TASK DETAILS:
What you give back from the listing below should be an exact copy of the lines from the one with "Temperature and humidity" down to the one with "Navigation Opal ROP35V", and it should contain no pictures.

DATA TO USE:
☆ ☆ ☆ ☆ ☆ ☆ ☆

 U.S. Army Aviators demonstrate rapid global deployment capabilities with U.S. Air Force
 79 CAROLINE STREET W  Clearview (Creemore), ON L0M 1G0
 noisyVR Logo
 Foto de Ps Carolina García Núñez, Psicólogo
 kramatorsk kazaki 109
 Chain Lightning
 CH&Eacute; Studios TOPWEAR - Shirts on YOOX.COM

☆ ☆ ☆ ☆ ☆ ☆ ☆

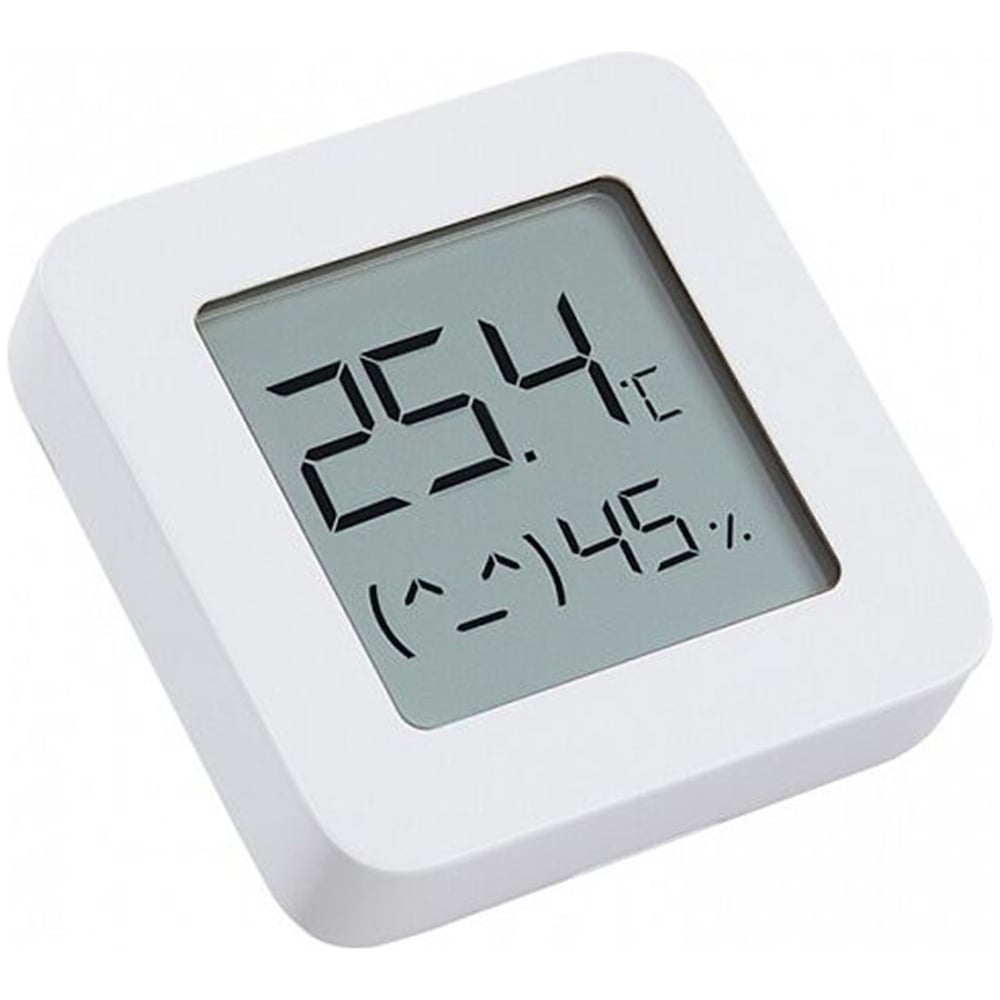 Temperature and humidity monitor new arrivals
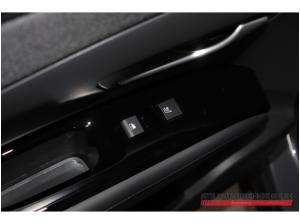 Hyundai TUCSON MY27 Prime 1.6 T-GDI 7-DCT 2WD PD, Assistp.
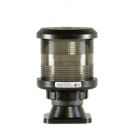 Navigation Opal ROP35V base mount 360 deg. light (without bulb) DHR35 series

☆ ☆ ☆ ☆ ☆ ☆ ☆

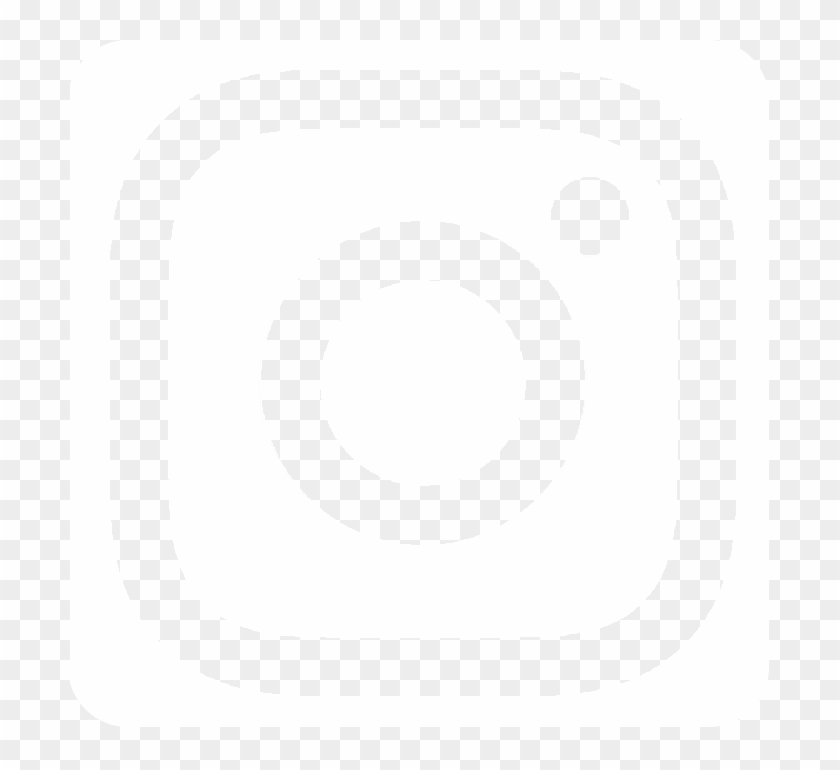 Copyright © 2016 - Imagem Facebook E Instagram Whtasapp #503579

☆ ☆ ☆ ☆ ☆ ☆ ☆

EXERCISE ANSWER:
 Temperature and humidity monitor new arrivals
 Hyundai TUCSON MY27 Prime 1.6 T-GDI 7-DCT 2WD PD, Assistp.
 Navigation Opal ROP35V base mount 360 deg. light (without bulb) DHR35 series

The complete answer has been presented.